- **PROBLEM REQUIREMENTS**: An exact copy is required of the lines running from the one that contains "La Catedral de" to the end of the material, both ends included, with pictures omitted.

======

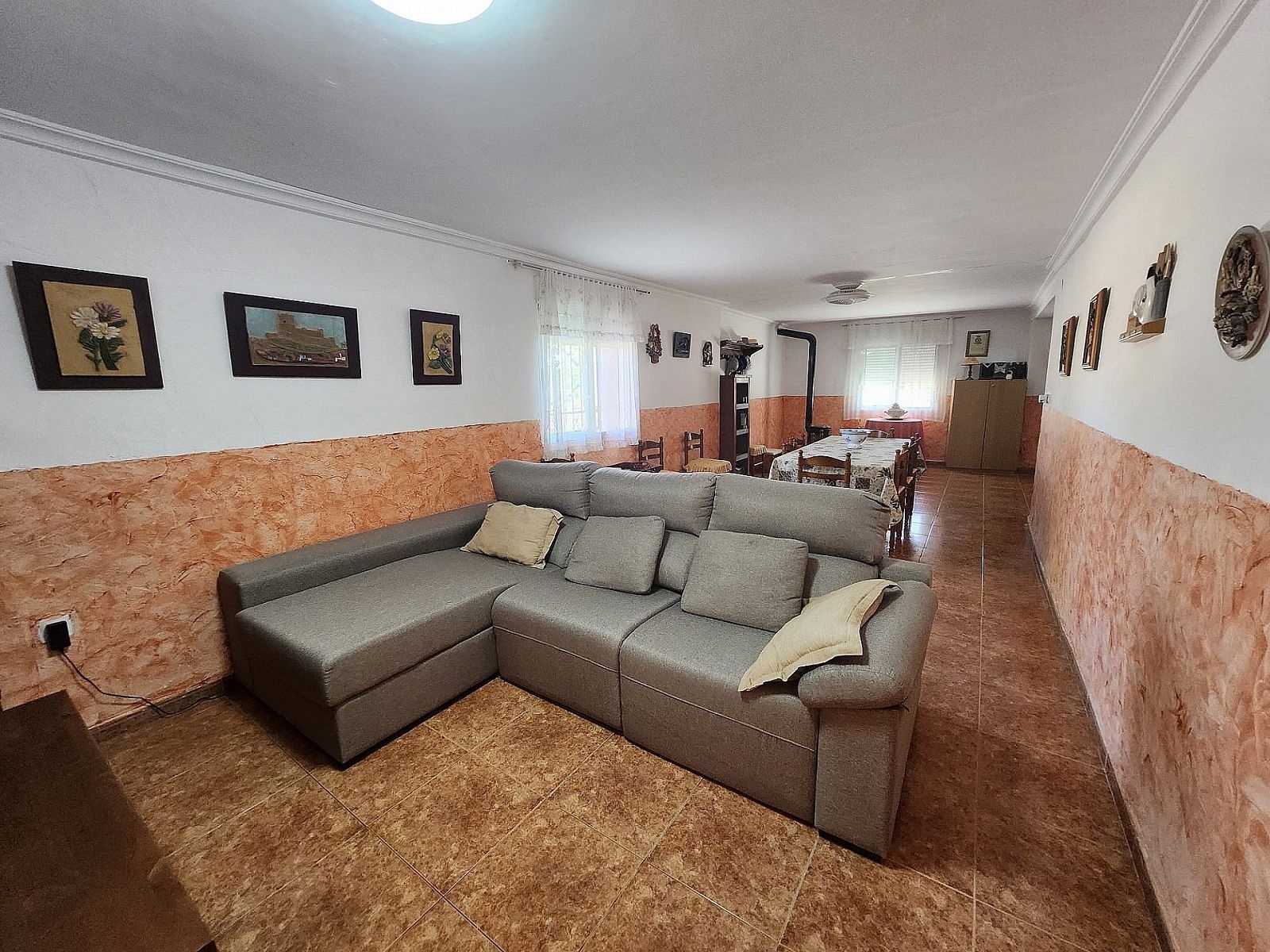 Resale - 7 Bedroom 2 Bathroom Country house in Villena -  - Alicante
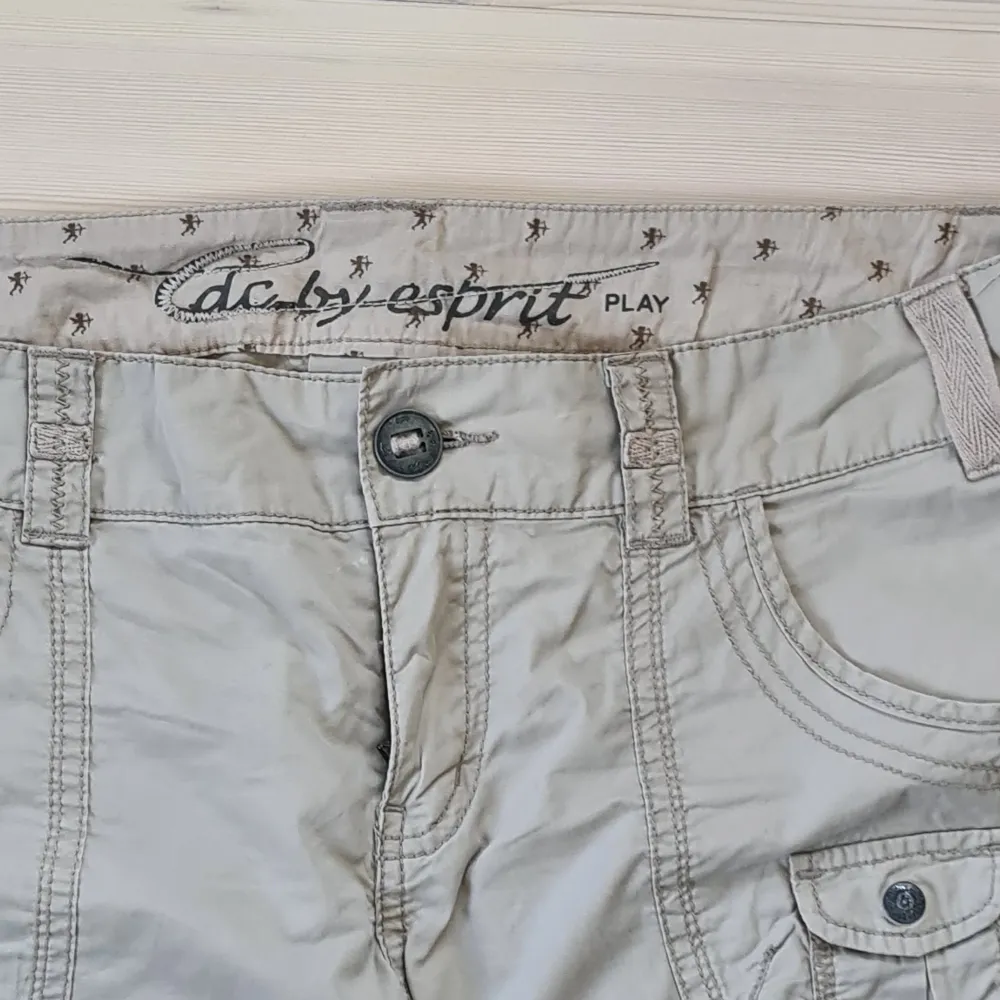 Vintage lågmidjade EDC by Esprit Cargobyxor. Många söta detaljer på fickorna 💞🧚♀️. Farkut & Housut.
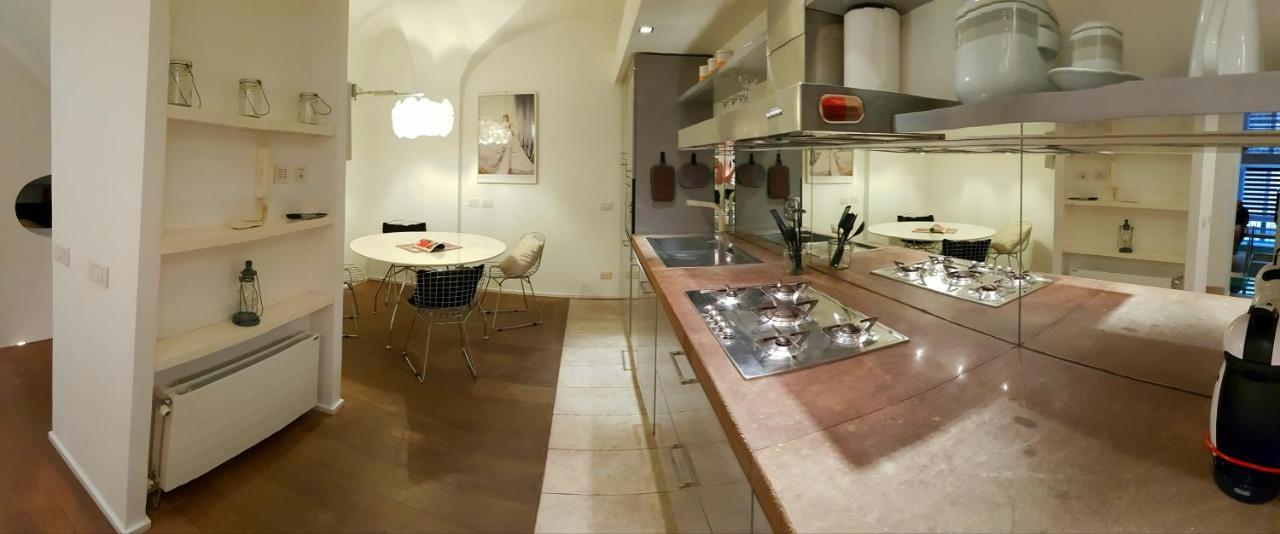 Giulia's Luxury Trevi Apartment *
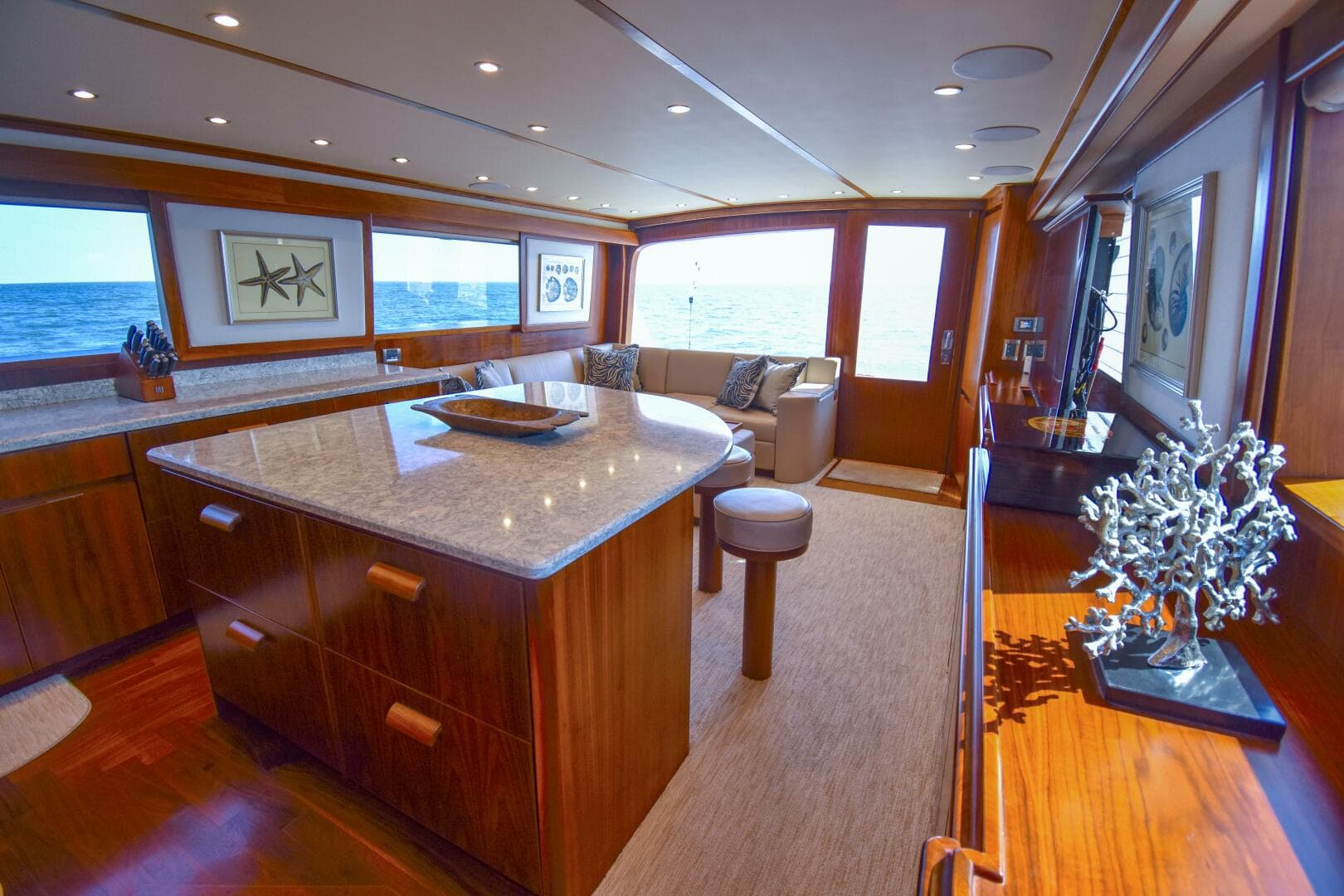 1991 Monterey 65 Convertible Emma Ruth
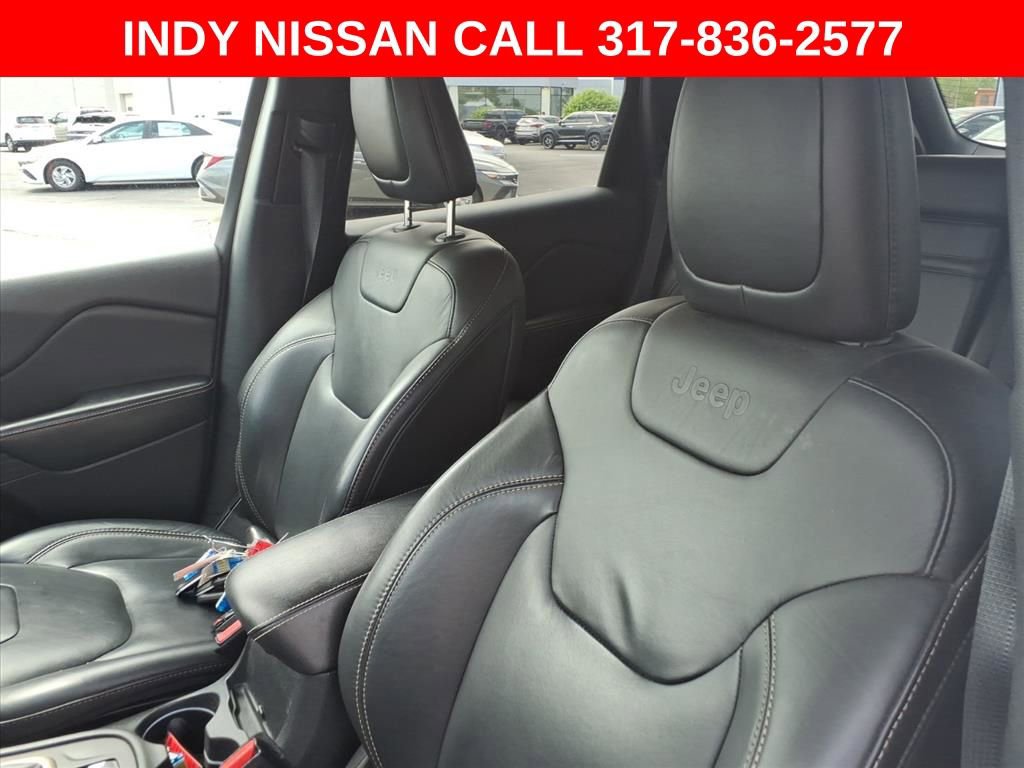 Used 2016 Jeep Cherokee Limited AWD/4WD image 13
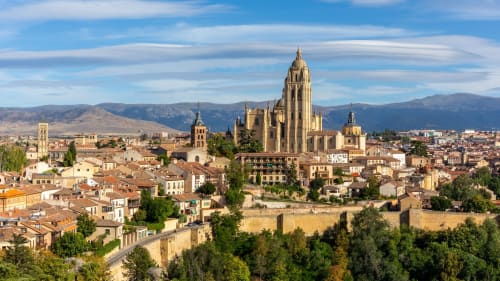 La Catedral de Segovia domina el horizonte sobre la ciudad medieval amurallada, cerca del hotel La Senda del Duratón en Sebúlcor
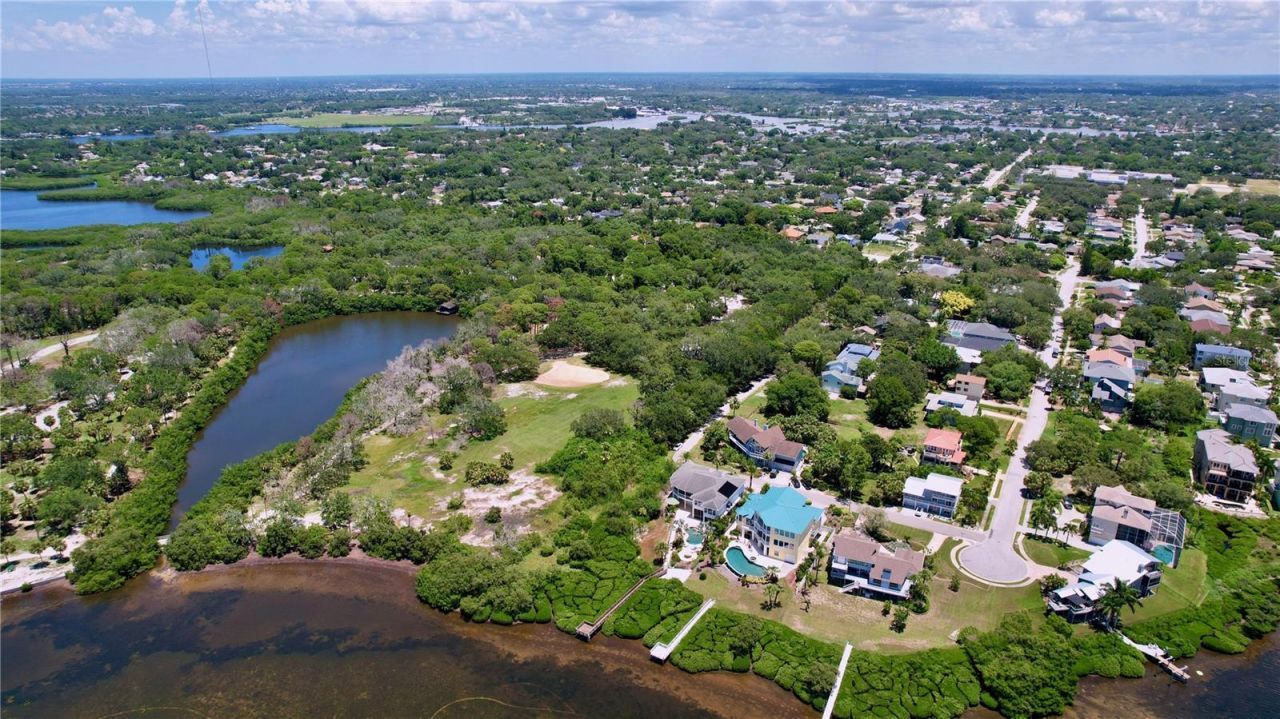 511 Seaview Drive, Tarpon Springs, FL 34689 Photo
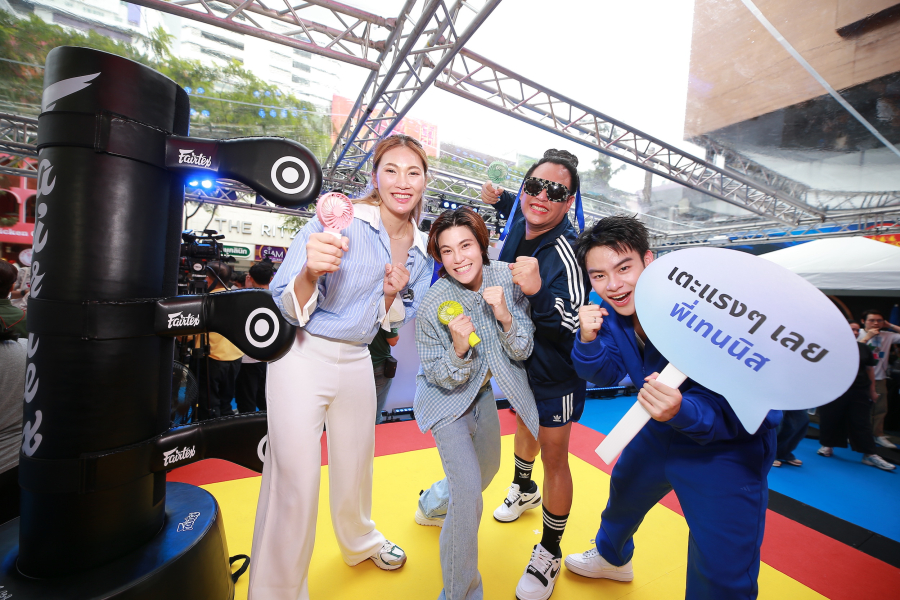 ฮาตาริ สร้างปรากฏการณ์การเชียร์สุดยิ่งใหญ่ ส่งเสียงเชียร์ไทย ลอยไกลถึงปารีส กับ “#พัดไทยให้ไกลกว่าเดิม”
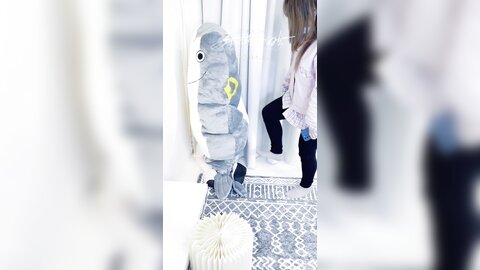 咸鱼第一集  4k有水印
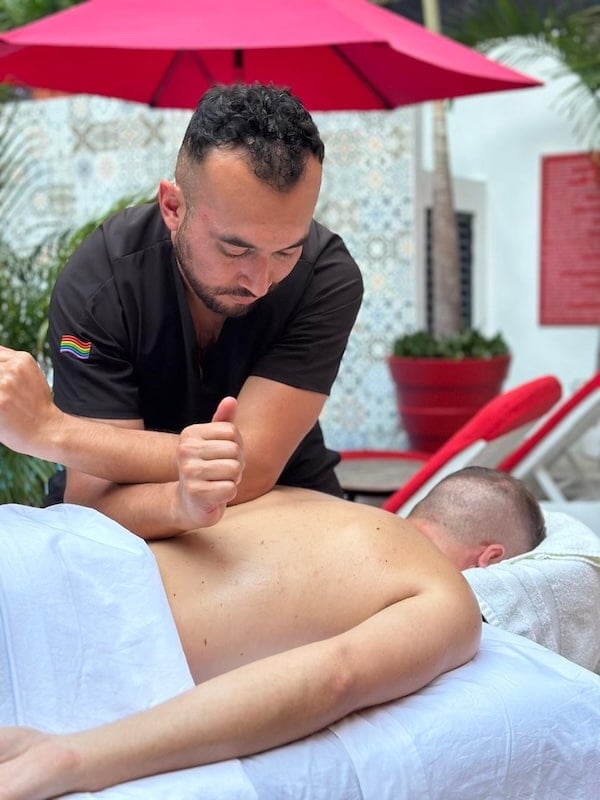 mauricio-o-massage.jpeg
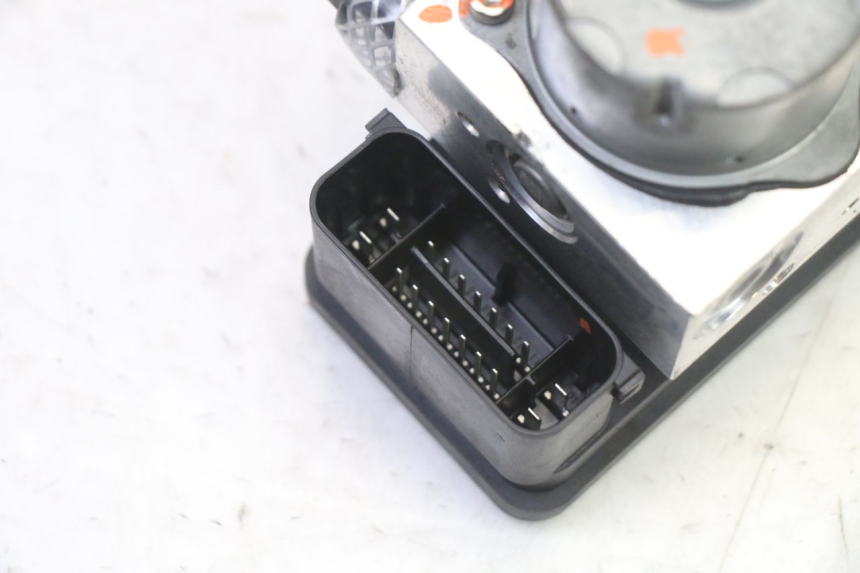 photo de POMPA ABS BMW G310 R 310 (2016 - 2020) - Widok ogólny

======

- **YOUR SOLUTION**:
 La Catedral de Segovia domina el horizonte sobre la ciudad medieval amurallada, cerca del hotel La Senda del Duratón en Sebúlcor
 511 Seaview Drive, Tarpon Springs, FL 34689 Photo
 ฮาตาริ สร้างปรากฏการณ์การเชียร์สุดยิ่งใหญ่ ส่งเสียงเชียร์ไทย ลอยไกลถึงปารีส กับ “#พัดไทยให้ไกลกว่าเดิม”
 咸鱼第一集  4k有水印
 mauricio-o-massage.jpeg
 photo de POMPA ABS BMW G310 R 310 (2016 - 2020) - Widok ogólny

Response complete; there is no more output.